Pratiques économiques
Dans les pratiques économiques du CSA, l’un des point central a consisté à se réapproprier la propriété en élargissant les communs. Pour l’autrice, qui s’inspire des travaux de Gibson-Graham, il s’agit de conceptualiser le commun non pas comme une propriété publique ou en accès libre, mais plutôt comme un processus. Kruzynski considère donc que « la pratique du commun est au centre de toutes les activités du CSA. Ainsi, tous les bâtiments et infrastructures du quartier sont susceptibles d’être transformés en communs (pp. 149-150). Par exemple, en organisant un squat ponctuel dans un bâtiment destiné à être transformé en condos, le CSA l’a rendu commun pour la durée de l’occupation.
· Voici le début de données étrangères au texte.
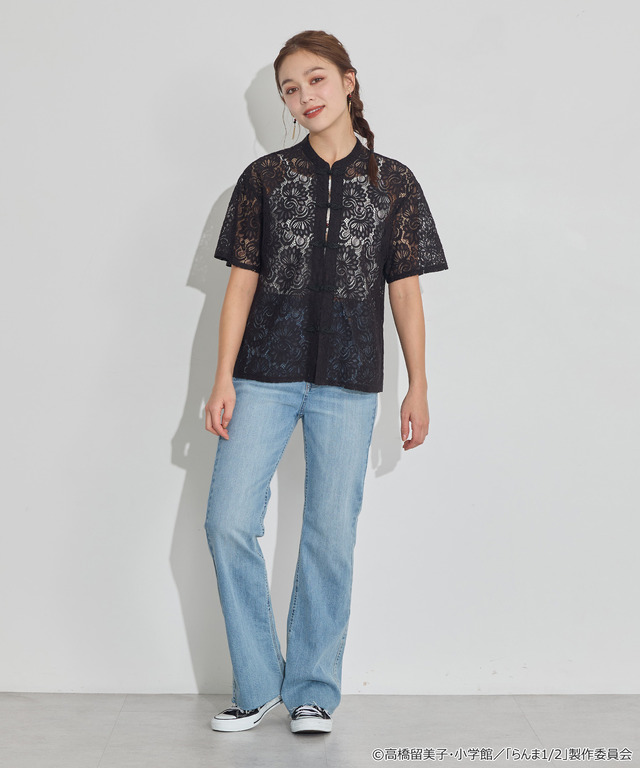TVアニメ『らんま1/2』× earth music＆ecology Japan Label「チャイナレースシャツ」ブラック　着用イメージ（C）高橋留美子・小学館/「らんま1/2」製作委員会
Ainsi, c’est à travers l’action directe et les occupations ponctuelles que les militant.es de Pointe-Saint-Charles ont réussi à ralentir la gentrification du quartier, tout en rendant accessible des espaces autrement privatisés (p. 150). C’est également au fil des corvées, et de l’implication des militant.es dans le projet que ces dernier.es en viennent qu’a développer un sentiment d’appartenance avec le bâtiment. Une autre pratique économique particulièrement importante dans les activités du CSA a été de se réapproprier collectivement le travail. Pour les militant.es du CSA, la survie individuelle dépend de celle des individus qui nous entourent, ainsi que de celle de la planète. Ainsi, le collectif se positionne contre le travail salarié, mais reconnaît également qu’il existe des inégalités qui favorisent davantage l’implication bénévole d’individus disposants de ressources plus importantes. Le CSA favorisera donc au cours de ses activités diverses formes de travail, tout en favorisant la création et la consolidation de rapports d’entraide entre les individus (p. 152). Par ailleurs, si le CSA tente de mettre en place une diversité de formes de travail, il en est de même pour les moyens d’échanges (don, récupération et réutilisation des matériaux, contributions volontaires, etc). Le CSA vise, à travers la réappropriation des marchés, à rétablir le lien entre la production et la consommation (p. 153)
Conclusion critique
L’article, et c’est mentionné dans sa conclusion ne mentionne pas les difficultés, les contradictions, ou les échecs qui ont pu être vécus par les militant.es du Bâtiment 7. Par ailleurs, cet article a été publié très peu de temps après l’ouverture officielle du Bâtiment 7, il serait donc intéressant de s’intéresser à la survie des pratiques économiques non-marchandes suite à l’institutionnalisation du projet et à son intégration dans l’économie capitaliste montréalaise.